A minha experiência anterior com o autor limitava-se ao O Adeus às Armas, que é um livro de guerra, a Segunda, se não me engano, lido há já muitos anos. Este, Por Quem Os Sinos Dobram, é provavelmente o seu título mais conhecido e mais conceituado. Peguei nele, porém, sem nenhum ideia do conteúdo. Sabia, é claro, que Hemingway amava Espanha, por onde andou, os costumes, o espírito do povo espanhol, as touradas, etc, e tinha ideia de que se tinha envolvido de alguma forma na guerra civil. Infelizmente, desconheço quase completamente o contexto dessa guerra, a não ser que envolveu um golpe militar, comunistas e fascistas e conduziu, em última instância, ao regime fascista ditatorial de Franco. Os detalhes da luta, porém, escapam-me, e por isso, sendo este um livro essencialmente sobre a guerra civil, tive sempre a impressão de que me faltava qualquer coisa para entender o que se passava.
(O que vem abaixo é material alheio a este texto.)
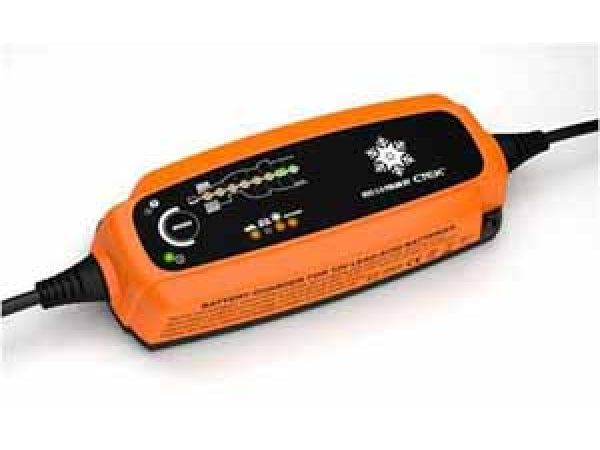 Chargeur de batterie de batterie du véhicule C-TEK 12 volts / 5 a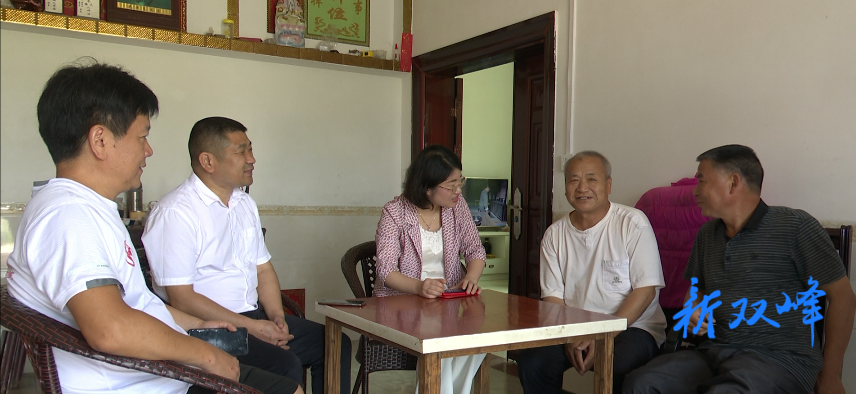 县领导到杏子铺镇开展“七一”走访慰问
A personagem central é um jovem americano, Robert Jordan, envolvido até ao pescoço na guerra civil. Ele é dinamitista e enfurna-se no campo espanhol, atrás das linhas inimigas, com a missão de fazer explodir uma ponte. A auxiliá-lo, terá um bando partisan, de camponeses e outras gentes simples, incluindo um cigano e um antigo toureiro (ou algo parecido) e uma jovem sobrevivente de cabeça rapada, Maria, que esteve nas mãos dos fascistas e foi resgatada pelo bando. Tudo se passa no curto espaço de menos de quatro dias, entre a chegada de Jordan e a explosão da ponte, e as páginas estão repletas de narrações de episódios das vidas das personagens, ilustrativos das suas características, ou de momentos terríveis da guerra vividos ou protagonizados por elas. Estas cenas e as personagens são marcantes, sobretudo Pilar, e o que de melhor a história tem. Há uma profundidade subtil no despudor com que o autor as desnuda, às personagens e às cenas terríveis de agressão na guerra, para mostrar o que de melhor e de pior elas têm e o que a raiva e o medo fazem aos homens. Ao mesmo tempo, o amor reveste-se de uma ingenuidade desesperada, quase infantil, iludida, que é quase comovente e nos assegura, desde o início, que estamos perante Romeu e Julieta e não há nenhum futuro ali.
A leitura, feita em na semana de férias, na praia, à beira da piscina, teve momentos de fascínio e outros, menos, de alguma impaciência, quando desejava que a acção avançasse e as personagens se detinham mais uma vez em considerações deslumbradas sobre touros e touradas, etc. Detesto tourada e aqui o deslumbramento por ela, pelos touros de morte e respectivos matadores é muito claro. Aprendi alguma coisa sobre a guerra civil espanhola, quanto mais não seja que preciso de informar-me. Descobri no fim, com certa surpresa, que me ligara mais do que julgava às personagens e, embora o esperasse, me custou o desfecho. Fiquei ainda com a impressão de que seria um tanto autobiográfico, perdoe-me quem sabe imenso sobre Hemingway e sobre esta obra, se digo um disparate. E perdoem-me se é outro disparate, mas tenho melhores recordações de O Adeus às Armas, pelo que a minha valorização deste texto é mais intelectual do que emocional, como acontece com outros, aos quais reconheço a qualidade, sem que me tenham trazido um deleite indiscutível.
Uma nota: tenho grandes suspeitas de que a tradução não é perfeita e o texto está cheio de gralhas, o que reforça a minha ideia de que se dava menos importância a isso há uns anos.